[Start of Attachment]
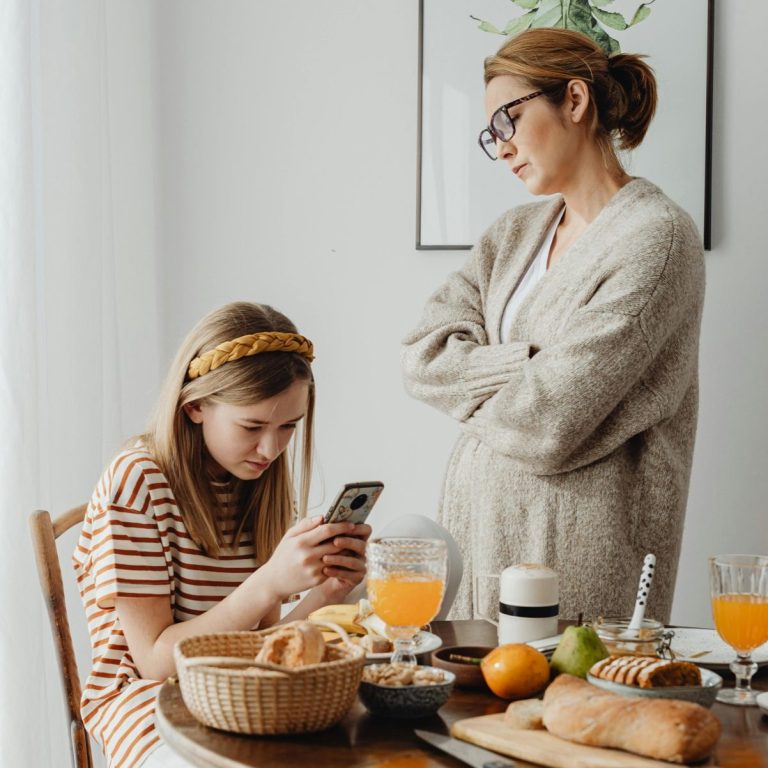 Ein Mädchen sitzt am Tisch und schaut auf ihr Handy, während ihre Mutter daneben steht.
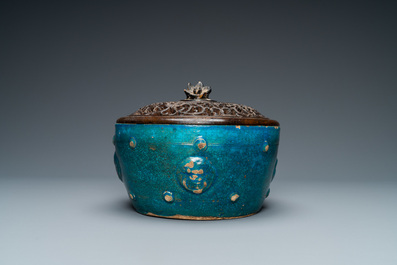 A Chinese monochrome turquoise-glazed bowl with reticulated wooden cover, Ming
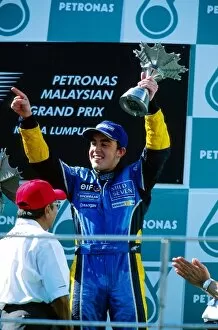 Images Dated 24th March 2003: Formula One World Championship: Third placed Fernando Alonso Renault receives his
[End of Attachment]
Exercise
The whole listing should be reproduced exactly. Images don't go in.

Result of this task
 Ein Mädchen sitzt am Tisch und schaut auf ihr Handy, während ihre Mutter daneben steht.
 A Chinese monochrome turquoise-glazed bowl with reticulated wooden cover, Ming
 Images Dated 24th March 2003: Formula One World Championship: Third placed Fernando Alonso Renault receives his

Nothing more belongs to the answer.